EXERCISE REQUIREMENTS -> Give again exactly the lines that stretch from the one with "Used 2020 Jeep" to the end of the data below, including both of those lines and nothing else.

[RECORDED DATA — start]

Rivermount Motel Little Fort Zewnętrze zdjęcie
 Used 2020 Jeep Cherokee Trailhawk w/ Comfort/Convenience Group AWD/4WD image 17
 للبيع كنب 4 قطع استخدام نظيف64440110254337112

[RECORDED DATA — finish]

EXERCISE RESULT ->
 Used 2020 Jeep Cherokee Trailhawk w/ Comfort/Convenience Group AWD/4WD image 17
 للبيع كنب 4 قطع استخدام نظيف64440110254337112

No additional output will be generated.